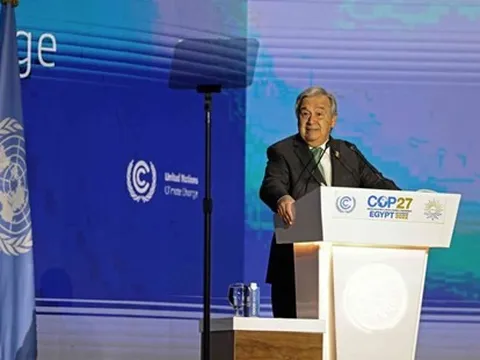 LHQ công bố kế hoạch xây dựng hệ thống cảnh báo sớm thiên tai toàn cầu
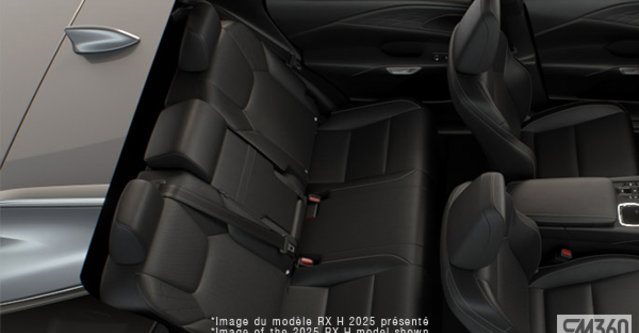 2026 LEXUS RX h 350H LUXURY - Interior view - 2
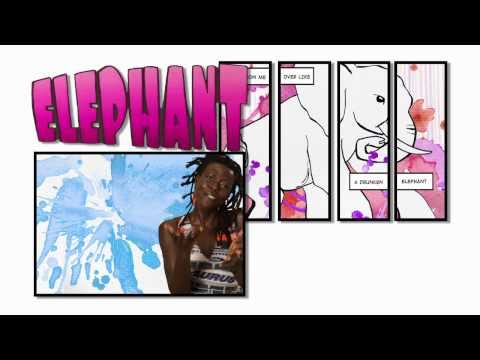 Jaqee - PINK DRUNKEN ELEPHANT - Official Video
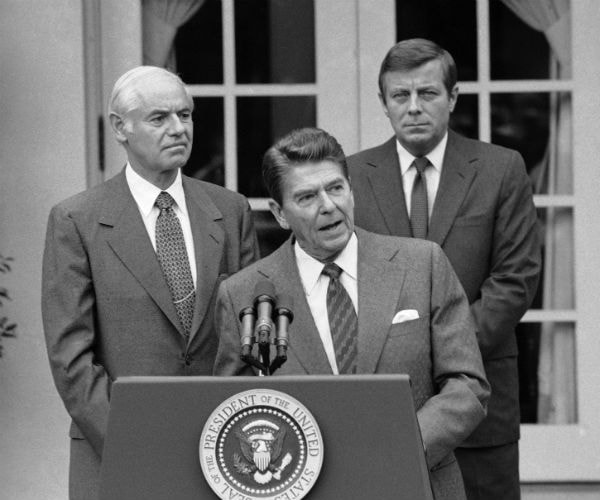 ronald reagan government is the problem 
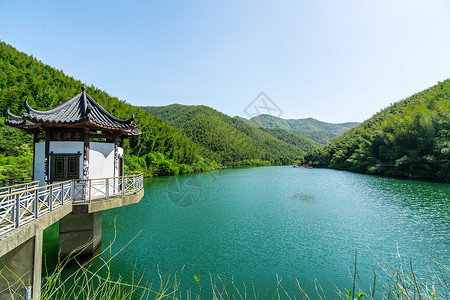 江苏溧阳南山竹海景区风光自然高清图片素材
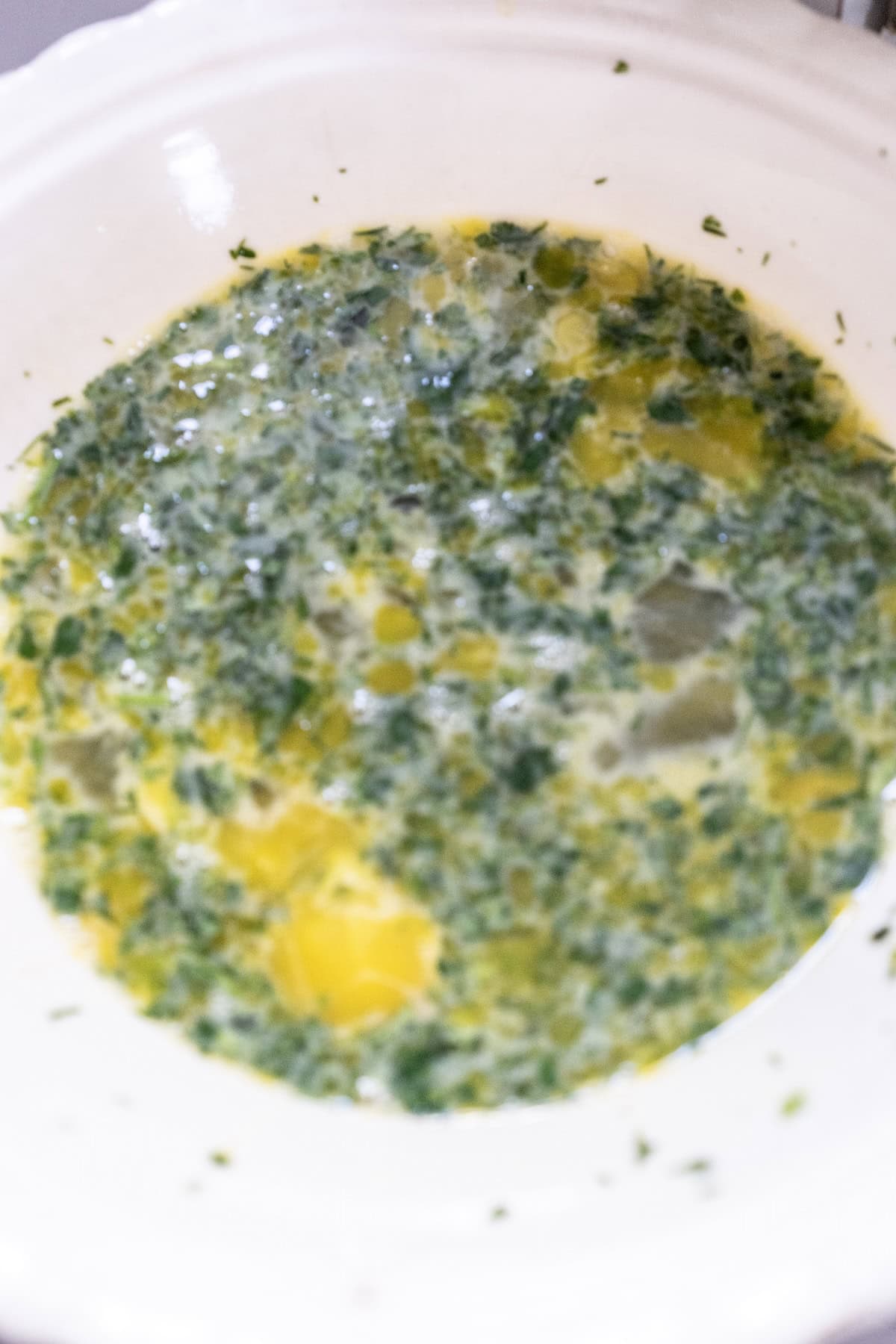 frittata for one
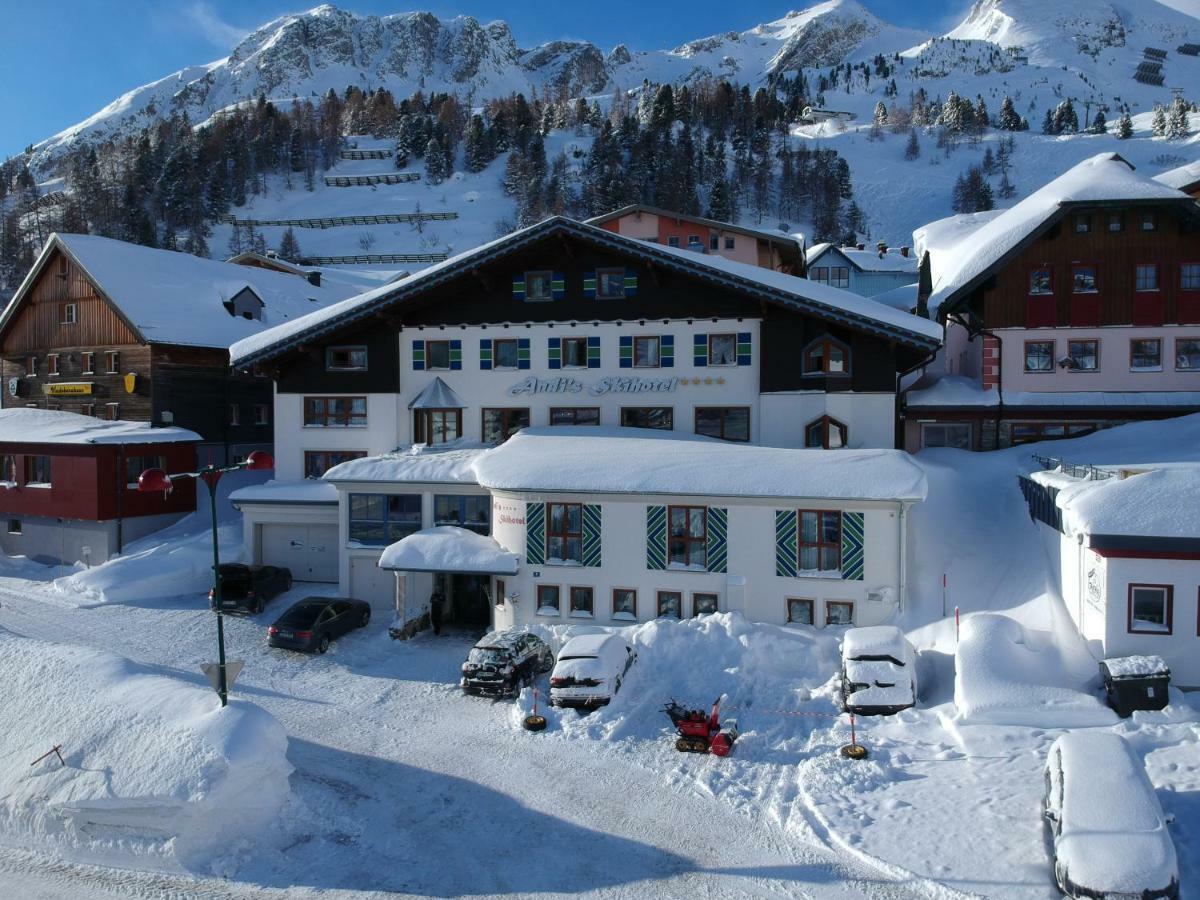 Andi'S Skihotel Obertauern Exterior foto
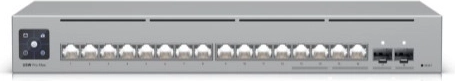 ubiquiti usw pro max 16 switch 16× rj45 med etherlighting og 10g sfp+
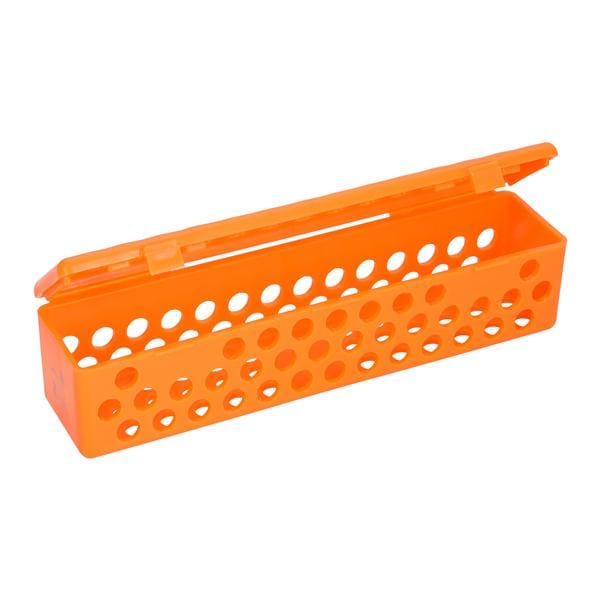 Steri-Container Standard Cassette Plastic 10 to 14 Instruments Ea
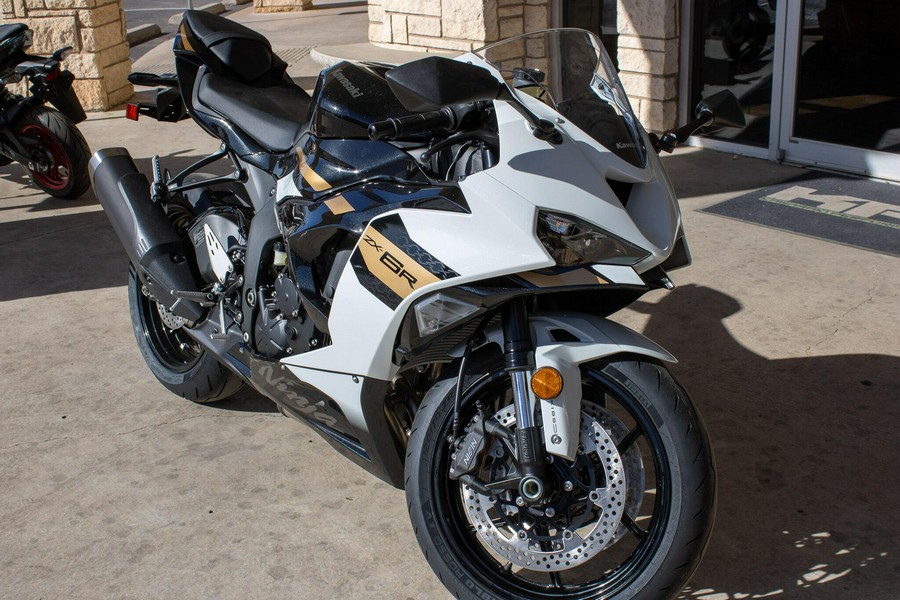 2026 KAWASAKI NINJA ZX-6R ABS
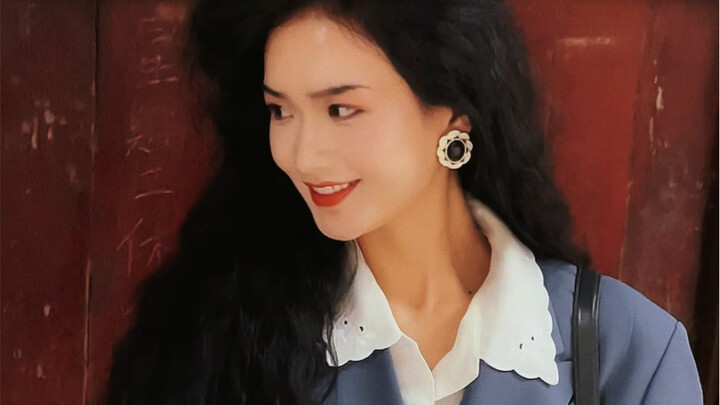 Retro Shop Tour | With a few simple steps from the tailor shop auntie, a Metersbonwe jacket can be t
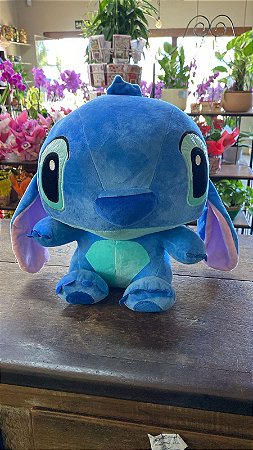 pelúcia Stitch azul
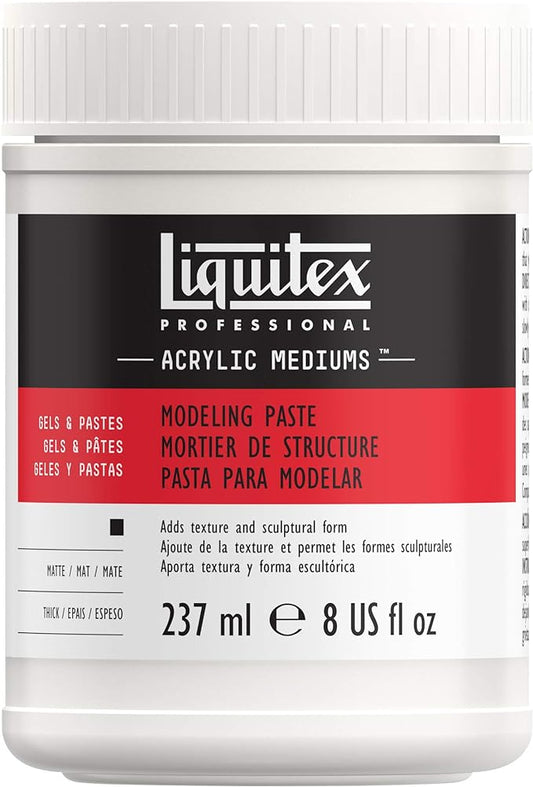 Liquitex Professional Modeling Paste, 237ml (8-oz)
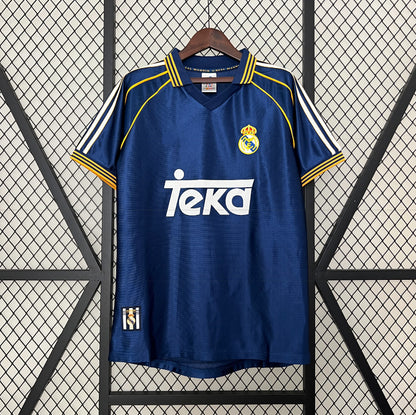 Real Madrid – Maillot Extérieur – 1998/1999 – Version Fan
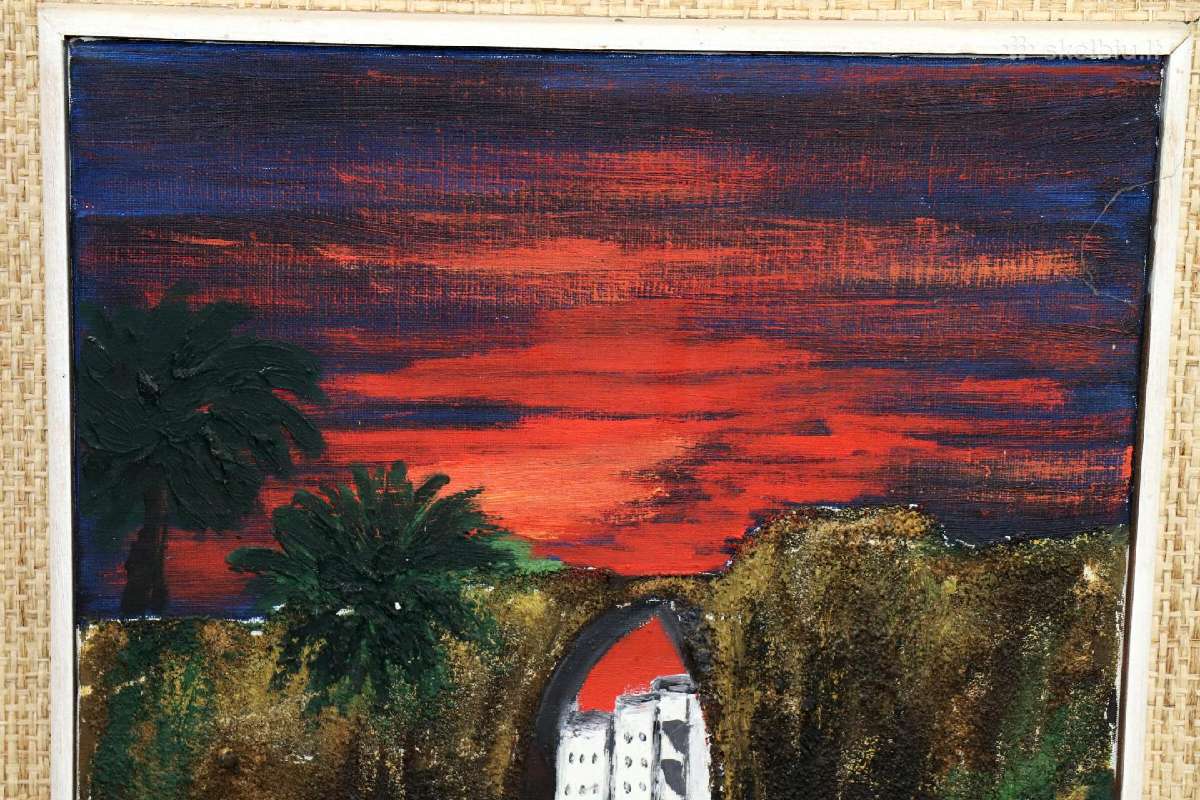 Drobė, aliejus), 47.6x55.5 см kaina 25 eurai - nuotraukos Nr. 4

**What to work on**
With images left out, the data must be transcribed exactly.

**Completed task**
 LHQ công bố kế hoạch xây dựng hệ thống cảnh báo sớm thiên tai toàn cầu
 2026 LEXUS RX h 350H LUXURY - Interior view - 2
 Jaqee - PINK DRUNKEN ELEPHANT - Official Video
 ronald reagan government is the problem 
 江苏溧阳南山竹海景区风光自然高清图片素材
 frittata for one
 Andi'S Skihotel Obertauern Exterior foto
 ubiquiti usw pro max 16 switch 16× rj45 med etherlighting og 10g sfp+
 Steri-Container Standard Cassette Plastic 10 to 14 Instruments Ea
 2026 KAWASAKI NINJA ZX-6R ABS
 Retro Shop Tour | With a few simple steps from the tailor shop auntie, a Metersbonwe jacket can be t
 pelúcia Stitch azul
 Liquitex Professional Modeling Paste, 237ml (8-oz)
 Real Madrid – Maillot Extérieur – 1998/1999 – Version Fan
 Drobė, aliejus), 47.6x55.5 см kaina 25 eurai - nuotraukos Nr. 4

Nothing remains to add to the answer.